As it happens, I had to leave church early yesterday because I seem to be experiencing a recurrence of mono, which flared up at first on Thanksgiving day. I was feeling so bad that I was having trouble focusing on the service or my private prayers. I thought about how disconnected from the liturgy I was, and how this reminded me of the first few times I attended the Orthodox liturgy. I was quite aware this morning of how distant and unaffecting the liturgy seemed to me, and how, if I didn’t know better, I would walk out of this service and say, “I didn’t get anything out of that” or “the services at that church didn’t feed me.”

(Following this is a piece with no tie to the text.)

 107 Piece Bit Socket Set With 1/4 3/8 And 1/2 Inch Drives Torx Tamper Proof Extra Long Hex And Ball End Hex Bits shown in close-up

The fact is, because I was distracted by sickness, I was not prepared in any way to receive the liturgy. I left after the Gospel reading, drove home, and went to bed. On the way home, I thought about how my shortened liturgical experience today was like a hurried tourist dashing through the Uffizi gallery in Florence. If a tourist visits the Uffizi, one of the world’s greatest art museums, and comes away “not getting anything out of it” — that’s entirely his fault. It’s not the fault of the Uffizi, or the paintings that hang on its walls, but of the person who was unable to receive the beauty present there. This is not necessarily a moral fault. The tourist may have been distracted by anxiety or illness, or may have been too pressed for time to give the paintings the time and attention needed to appreciate them. But it’s also possible that the tourist was simply unwilling to open himself to the art such that the art could communicate to him.

If an American tourist visits Florence, refuses to try to speak any Italian, only communicates with Italians who speak perfect English, and refuses to eat anywhere but at American fast food restaurants — and he comes home complaining that he got nothing out of his trip to Italy, well, is that Italy’s fault? Or did he not prepare himself for what is actually there in Italy?

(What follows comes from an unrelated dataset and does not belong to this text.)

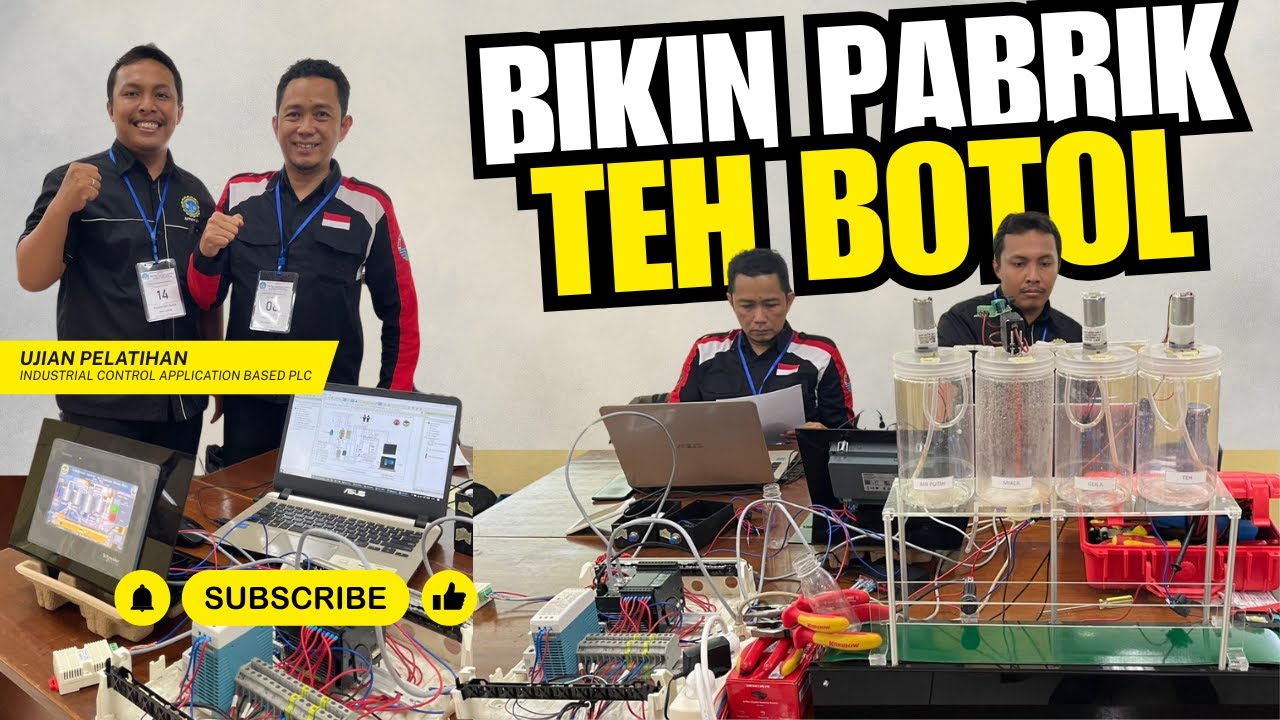 Tutorial Sistem Otomasi Industri Pengisian Teh Botol Otomatis - PLC & HMI Schneider (Proyek SMK)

That’s how I feel about the Divine Liturgy. You don’t judge it any more than you judge a Raphael or a Titian. It judges you.

Now, because I don’t know the Evangelical world, I don’t know to what extent this model is applicable to Evangelical churches and Evangelical worship. It might be an apples and oranges thing. It probably is, given that the purpose of Evangelical worship and the purpose of Orthodox worship are not the same (or are they?). I put these questions to you Evangelical, and former Evangelical, readers. Please take my anecdote, and the Evangelical reader’s comment, together, and let us know what you think.